Glaucoma is caused by increased intraocular pressure which impairs the normal function of the optic nerve. In early stages, this disease is symptomless but a simple test from your eye care professional can detect it. Glaucoma damage is irreversible so ask your doctor for the test. Glaucoma accounts for about 10% of all blindness in the United States. (See Executive Health Report, Vol. 25, No. 4, for an in-depth discussion of glaucoma.)

Diabetic Retinopathy (DR)

Diabetic retinopathy (DR) is the third leading cause of adult blindness and accounts for almost 7% of the blindness in the United States. It is associated with long-term diabetes, and therefore, it is sure to become more prevalent as our population continues to age and diabetic patients live longer.

Diabetic patients usually have little or no evidence of DR until they have had diabetes for about 3-5 years. The first serious sign is edema, the collection of fluid in the retina (the seeing part of the eye), at a location that is involved in the best vision–the macula. This macular edema can impair vision. The second serious sign occurs when new blood vessels begin to grow from the retina into the vitreous humor. These new blood vessels bleed easily, hemorrhaging into the vitreous which impairs vision. With recurrent hemorrhages, vision eventually is totally lost.

All diabetic patients should have a comprehensive examination that includes a careful eye examination with pupillary dilation at least once a year to detect any sign of impending vision loss. Since laser treatment can prevent or slow down visual loss at the early stages of macular edema and new blood vessel growth, early diagnosis is vital. Laser treatment has reduced loss of vision by 50% in both conditions.

Age-Related Maculopathy

Age-Related Maculopathy (ARM) has two major causes. A cluster of new blood vessels can grow beneath the retina at the site of the macula. These blood vessels can bleed, damaging the macula. Laser treatment is successful about half the time in stopping the progress of wet ARM.

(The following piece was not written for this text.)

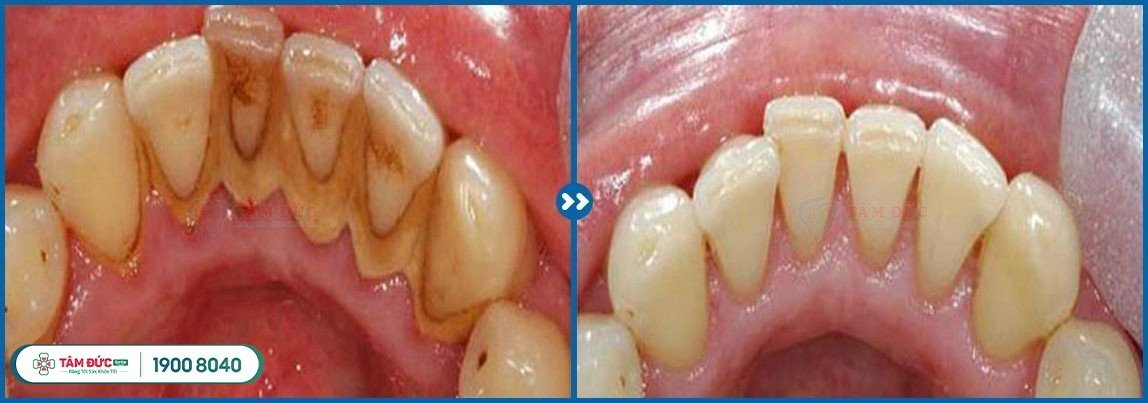 chi phí cạo vôi răng tại nha khoa Tâm Đức Smile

A second dry type of RAM involves disintegration of the cells which nourish the macula. This eventually kills the macula’s retinal cells, and decreased vision results. At present, we have no treatment for this type of ARM.

Distorted central vision is an early symptom. Objects may appear larger or smaller or straight lines may be distorted, bent or missing a central segment. If this distortion is in one eye alone, you may not notice a change in vision because the unaffected eye will continue to function normally. However, you can compare vision by alternately closing each eye to view an object in order to see any distortion.